Nothing but the lines from the one containing "Electronic Digital Caliper" through the one containing "CHROMEHEARTS クロムハーツ JILLIAN", both included, should be given again, each exactly as written below.

(Web page caption snippets)
>>>>>
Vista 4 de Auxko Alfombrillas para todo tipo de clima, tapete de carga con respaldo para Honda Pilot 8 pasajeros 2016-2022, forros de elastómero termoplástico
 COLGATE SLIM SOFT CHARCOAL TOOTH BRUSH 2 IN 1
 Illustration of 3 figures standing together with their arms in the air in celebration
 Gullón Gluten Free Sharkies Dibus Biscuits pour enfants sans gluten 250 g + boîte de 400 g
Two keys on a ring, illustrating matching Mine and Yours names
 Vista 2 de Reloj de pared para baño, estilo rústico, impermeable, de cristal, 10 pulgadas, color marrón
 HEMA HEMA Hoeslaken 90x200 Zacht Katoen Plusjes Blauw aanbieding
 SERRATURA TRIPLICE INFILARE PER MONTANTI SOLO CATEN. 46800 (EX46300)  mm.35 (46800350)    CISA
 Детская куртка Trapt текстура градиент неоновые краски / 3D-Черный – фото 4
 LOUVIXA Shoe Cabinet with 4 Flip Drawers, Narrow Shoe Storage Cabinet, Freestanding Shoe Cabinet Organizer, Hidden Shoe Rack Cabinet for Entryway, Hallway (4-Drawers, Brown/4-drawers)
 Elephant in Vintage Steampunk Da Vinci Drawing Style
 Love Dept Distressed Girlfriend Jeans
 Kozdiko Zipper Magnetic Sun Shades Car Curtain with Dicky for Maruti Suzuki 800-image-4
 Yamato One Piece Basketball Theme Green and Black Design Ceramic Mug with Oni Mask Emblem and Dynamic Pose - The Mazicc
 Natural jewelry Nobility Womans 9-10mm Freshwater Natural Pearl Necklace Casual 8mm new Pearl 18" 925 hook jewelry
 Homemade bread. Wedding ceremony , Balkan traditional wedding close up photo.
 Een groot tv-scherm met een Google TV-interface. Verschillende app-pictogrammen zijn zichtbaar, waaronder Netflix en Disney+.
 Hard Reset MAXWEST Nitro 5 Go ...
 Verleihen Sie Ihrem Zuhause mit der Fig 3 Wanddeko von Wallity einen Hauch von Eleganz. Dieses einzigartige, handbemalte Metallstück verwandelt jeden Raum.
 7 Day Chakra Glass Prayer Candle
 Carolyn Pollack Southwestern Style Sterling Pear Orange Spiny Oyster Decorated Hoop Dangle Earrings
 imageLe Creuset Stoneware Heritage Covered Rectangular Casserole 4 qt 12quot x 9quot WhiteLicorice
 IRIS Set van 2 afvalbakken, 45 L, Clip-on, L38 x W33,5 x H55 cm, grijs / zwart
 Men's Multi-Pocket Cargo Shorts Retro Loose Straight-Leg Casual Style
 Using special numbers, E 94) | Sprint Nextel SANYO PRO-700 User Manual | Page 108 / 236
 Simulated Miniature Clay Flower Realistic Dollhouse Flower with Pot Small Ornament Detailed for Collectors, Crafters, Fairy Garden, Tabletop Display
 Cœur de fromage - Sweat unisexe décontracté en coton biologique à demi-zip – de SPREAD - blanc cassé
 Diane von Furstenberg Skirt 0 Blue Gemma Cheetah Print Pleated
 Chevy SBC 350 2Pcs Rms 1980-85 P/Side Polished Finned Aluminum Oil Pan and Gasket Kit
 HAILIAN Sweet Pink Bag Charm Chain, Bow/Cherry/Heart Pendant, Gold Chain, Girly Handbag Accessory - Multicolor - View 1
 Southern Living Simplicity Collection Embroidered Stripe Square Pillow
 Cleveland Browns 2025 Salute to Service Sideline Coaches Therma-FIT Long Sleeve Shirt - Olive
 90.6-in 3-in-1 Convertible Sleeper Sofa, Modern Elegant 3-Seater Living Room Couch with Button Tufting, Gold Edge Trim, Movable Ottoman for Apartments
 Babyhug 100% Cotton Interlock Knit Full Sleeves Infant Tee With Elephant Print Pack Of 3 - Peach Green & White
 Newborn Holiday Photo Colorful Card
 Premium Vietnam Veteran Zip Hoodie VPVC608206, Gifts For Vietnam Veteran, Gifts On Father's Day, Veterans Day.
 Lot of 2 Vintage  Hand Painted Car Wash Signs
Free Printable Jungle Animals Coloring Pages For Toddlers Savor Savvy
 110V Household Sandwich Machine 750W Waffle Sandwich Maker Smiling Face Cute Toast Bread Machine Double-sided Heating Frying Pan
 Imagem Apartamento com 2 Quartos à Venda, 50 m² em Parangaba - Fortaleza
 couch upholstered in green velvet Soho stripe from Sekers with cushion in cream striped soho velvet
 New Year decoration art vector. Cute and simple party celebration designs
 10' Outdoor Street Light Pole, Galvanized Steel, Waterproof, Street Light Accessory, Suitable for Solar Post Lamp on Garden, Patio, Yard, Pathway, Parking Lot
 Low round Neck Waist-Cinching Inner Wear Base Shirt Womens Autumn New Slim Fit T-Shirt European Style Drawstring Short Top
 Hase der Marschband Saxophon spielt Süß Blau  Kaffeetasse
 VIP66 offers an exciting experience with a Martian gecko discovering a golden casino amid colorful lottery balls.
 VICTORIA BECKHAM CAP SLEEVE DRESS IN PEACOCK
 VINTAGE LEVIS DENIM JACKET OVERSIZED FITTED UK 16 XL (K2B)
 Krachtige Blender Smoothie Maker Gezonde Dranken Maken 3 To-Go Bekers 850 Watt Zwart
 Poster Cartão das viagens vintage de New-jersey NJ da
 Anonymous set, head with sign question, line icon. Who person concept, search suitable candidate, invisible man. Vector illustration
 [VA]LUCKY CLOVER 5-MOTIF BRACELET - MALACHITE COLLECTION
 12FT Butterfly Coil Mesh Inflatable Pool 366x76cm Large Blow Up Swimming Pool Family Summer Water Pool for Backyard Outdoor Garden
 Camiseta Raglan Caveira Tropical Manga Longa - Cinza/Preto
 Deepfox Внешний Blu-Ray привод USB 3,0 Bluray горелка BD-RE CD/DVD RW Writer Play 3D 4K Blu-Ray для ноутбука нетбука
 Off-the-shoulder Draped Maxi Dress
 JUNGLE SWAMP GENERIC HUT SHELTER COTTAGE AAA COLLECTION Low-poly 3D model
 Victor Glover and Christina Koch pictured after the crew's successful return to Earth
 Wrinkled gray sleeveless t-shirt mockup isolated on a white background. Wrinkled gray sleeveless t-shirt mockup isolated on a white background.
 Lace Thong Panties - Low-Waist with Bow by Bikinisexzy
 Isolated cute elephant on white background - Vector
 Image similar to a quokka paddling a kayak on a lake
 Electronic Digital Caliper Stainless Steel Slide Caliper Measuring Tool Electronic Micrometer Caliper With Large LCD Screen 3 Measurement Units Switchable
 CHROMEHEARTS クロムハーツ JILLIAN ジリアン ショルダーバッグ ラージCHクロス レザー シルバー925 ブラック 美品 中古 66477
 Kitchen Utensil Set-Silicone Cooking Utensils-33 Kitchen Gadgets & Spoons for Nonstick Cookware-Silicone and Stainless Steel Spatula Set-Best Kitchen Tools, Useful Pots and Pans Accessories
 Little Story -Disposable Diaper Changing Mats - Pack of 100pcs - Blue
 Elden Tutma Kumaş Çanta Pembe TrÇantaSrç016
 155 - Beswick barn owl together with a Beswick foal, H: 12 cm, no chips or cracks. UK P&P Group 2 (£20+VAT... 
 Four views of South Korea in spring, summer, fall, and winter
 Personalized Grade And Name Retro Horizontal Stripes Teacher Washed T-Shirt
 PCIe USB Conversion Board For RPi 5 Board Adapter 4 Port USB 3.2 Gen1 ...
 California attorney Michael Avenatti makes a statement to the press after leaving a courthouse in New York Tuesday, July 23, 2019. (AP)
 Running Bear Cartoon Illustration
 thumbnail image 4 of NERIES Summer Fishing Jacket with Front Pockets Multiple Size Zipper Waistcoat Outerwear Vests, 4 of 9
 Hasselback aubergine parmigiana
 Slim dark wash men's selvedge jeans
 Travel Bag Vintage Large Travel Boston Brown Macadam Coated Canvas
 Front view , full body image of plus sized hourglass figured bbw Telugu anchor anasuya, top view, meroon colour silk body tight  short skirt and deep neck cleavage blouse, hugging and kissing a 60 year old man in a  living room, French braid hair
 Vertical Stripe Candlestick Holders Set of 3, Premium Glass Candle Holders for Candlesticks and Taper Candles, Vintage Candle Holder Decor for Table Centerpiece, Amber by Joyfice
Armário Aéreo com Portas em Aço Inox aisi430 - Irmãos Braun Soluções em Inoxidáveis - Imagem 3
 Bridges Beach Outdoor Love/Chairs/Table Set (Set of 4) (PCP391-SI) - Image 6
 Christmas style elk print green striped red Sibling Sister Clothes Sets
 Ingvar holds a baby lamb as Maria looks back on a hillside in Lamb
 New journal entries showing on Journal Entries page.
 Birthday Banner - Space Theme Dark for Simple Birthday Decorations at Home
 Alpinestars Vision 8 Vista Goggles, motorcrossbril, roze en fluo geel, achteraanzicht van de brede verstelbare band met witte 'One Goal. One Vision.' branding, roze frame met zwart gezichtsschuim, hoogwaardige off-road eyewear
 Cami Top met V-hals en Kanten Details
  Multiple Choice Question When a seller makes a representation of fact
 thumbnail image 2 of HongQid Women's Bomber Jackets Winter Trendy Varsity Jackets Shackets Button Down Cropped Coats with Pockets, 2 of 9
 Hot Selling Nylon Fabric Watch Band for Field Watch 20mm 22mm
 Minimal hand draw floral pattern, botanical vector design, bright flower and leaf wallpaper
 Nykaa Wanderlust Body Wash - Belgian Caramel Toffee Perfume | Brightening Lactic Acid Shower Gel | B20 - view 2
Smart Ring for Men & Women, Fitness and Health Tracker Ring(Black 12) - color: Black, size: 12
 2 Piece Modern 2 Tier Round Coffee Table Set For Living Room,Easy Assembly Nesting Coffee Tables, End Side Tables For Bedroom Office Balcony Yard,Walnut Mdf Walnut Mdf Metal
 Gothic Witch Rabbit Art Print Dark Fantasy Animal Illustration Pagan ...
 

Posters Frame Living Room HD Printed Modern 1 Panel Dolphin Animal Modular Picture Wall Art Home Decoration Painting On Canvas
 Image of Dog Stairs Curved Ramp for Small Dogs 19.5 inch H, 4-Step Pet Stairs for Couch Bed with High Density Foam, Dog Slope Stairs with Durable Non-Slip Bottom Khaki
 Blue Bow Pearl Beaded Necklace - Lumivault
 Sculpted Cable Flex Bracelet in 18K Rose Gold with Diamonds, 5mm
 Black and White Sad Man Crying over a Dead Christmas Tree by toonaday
<<<<<
§ **Exercise answer**:
 Electronic Digital Caliper Stainless Steel Slide Caliper Measuring Tool Electronic Micrometer Caliper With Large LCD Screen 3 Measurement Units Switchable
 CHROMEHEARTS クロムハーツ JILLIAN ジリアン ショルダーバッグ ラージCHクロス レザー シルバー925 ブラック 美品 中古 66477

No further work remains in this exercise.